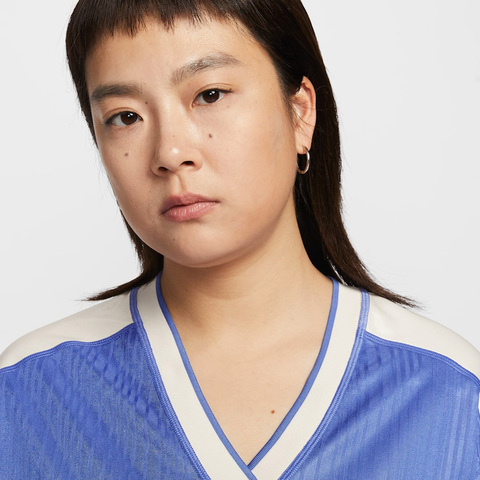 NIKE耐克2026女子AS W NSW JERSEY TUNIC MOD针织无领长TIF0320-460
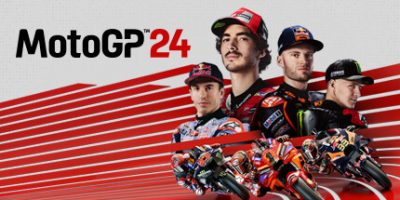 世界摩托车锦标赛24|官方中文|支持手柄|MotoGP 24|世界摩托车大奖赛24|世界摩托大奖赛24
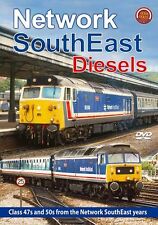 Network SouthEast Diesels: NSE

◆ Task to complete ◆
Copy the listing exactly. No images belong in the copy.

◆ Task response ◆
 NIKE耐克2026女子AS W NSW JERSEY TUNIC MOD针织无领长TIF0320-460
 世界摩托车锦标赛24|官方中文|支持手柄|MotoGP 24|世界摩托车大奖赛24|世界摩托大奖赛24
 Network SouthEast Diesels: NSE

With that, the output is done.